Specjalnie dla Ciebie, Crisu!
Gdzieś czytałem o czymś bardzo podobnym... Mianowicie eksperymenty z hibernacją.
przeprowadzane na psach w bardzo podobny sposób. Gdzieś chyba nawet mam tę
gazetę, ale nie chce mi się szukać*. Cała zabawa polegała na tyn, że pies (rasy owczarek
niemiecki) został pozbawiony krwi, a jej miejsce zajęła jakaś sztuczna, specjalnie
przygotowana substancja, która lepiej znosi niskie temperatury niż krwinki.
Pies został potem potraktowany ciekłym azotem, by zostać szybko zamrożonym.
Konieczny był ciekły azot, gdyż jeżeli tkanka zamarza wolno w komórkach wytwarzają
się kryształki lodu, co prowadzi do obumarcia komórki.
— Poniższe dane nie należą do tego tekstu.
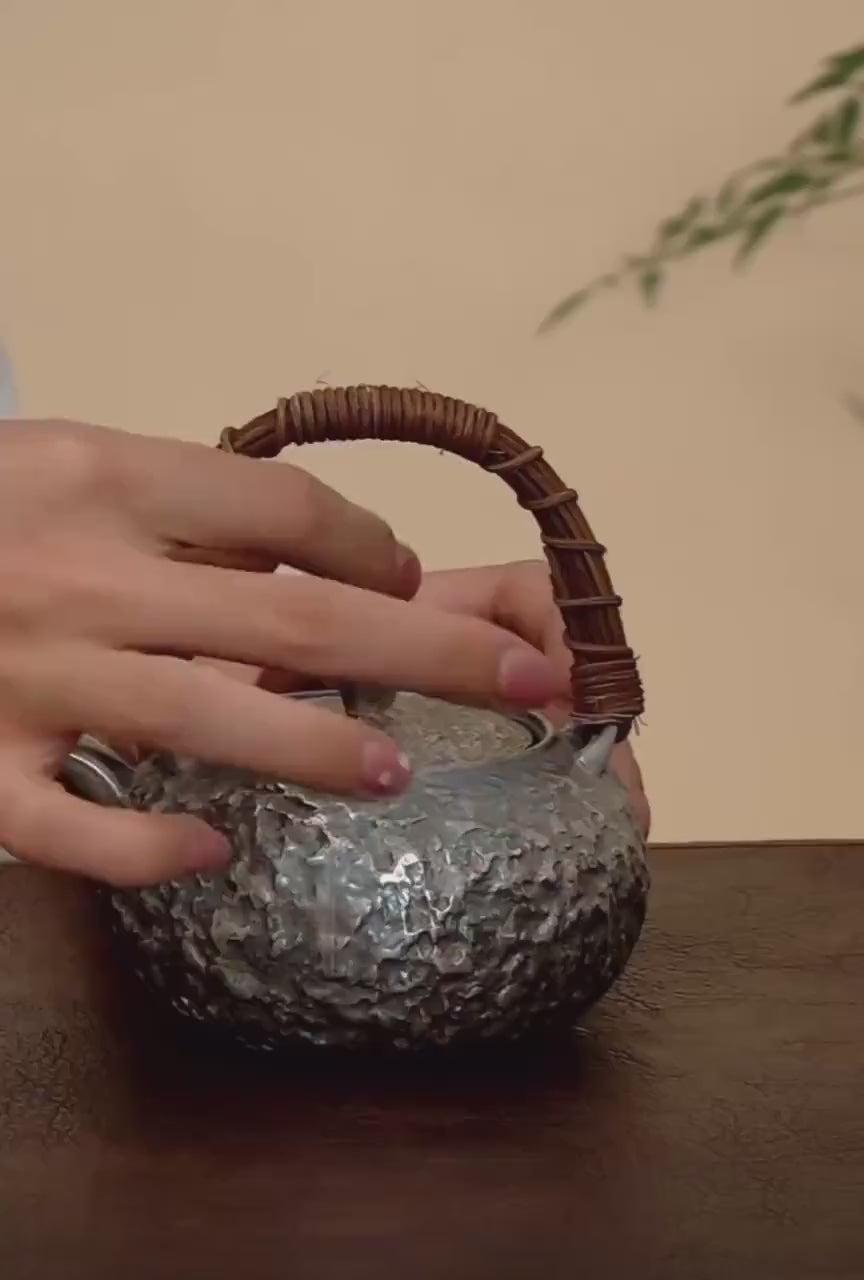 This is a gilted silver kettle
Po 10 minutach psa zaczęto rozmrażać.
O dziwo, udało się przywrócić go do życia. I miał się całkiem dobrze.
Nie ma oczywiście porównania- zamrozić psa na 10 min a człowieka na 200 lat.
Jest jednak na zachodzie kilka firm, które zajmują się hibernacją.
Zamorzenie ciała to koszt ok, 40 000 USD, a samej głowy 10 000 USD, o ile się nie mylę**.
Dla czego samej głowy? Otóż, niektórzy zapaleńcy teorii hibernacji wierzą, że w przyszłości,
gdy medycyna będzie bardziej zaawansowana, będzie mozna dać takiej głowie inne ciało
lub odtworzyć poprzednie. IMO, głupota. Takie organizacje działają trochę jak zakład pogrzebowy.
Po śmierci delikwenta przyjeżdżają po ciało, zabierają je do siedziby firmy, po czym
przystępują do procesu hibernacji.
Jak to ktoś ujął: "Puki co, hibernacja jest tylko niezwykle drogim procesem chowania zmarłych."***
*Podczas pisania znalazłem i przejrzałem cały segregator, ale nie znalazłem
tego artykułu. Gazetka nazywała się "Factor-X".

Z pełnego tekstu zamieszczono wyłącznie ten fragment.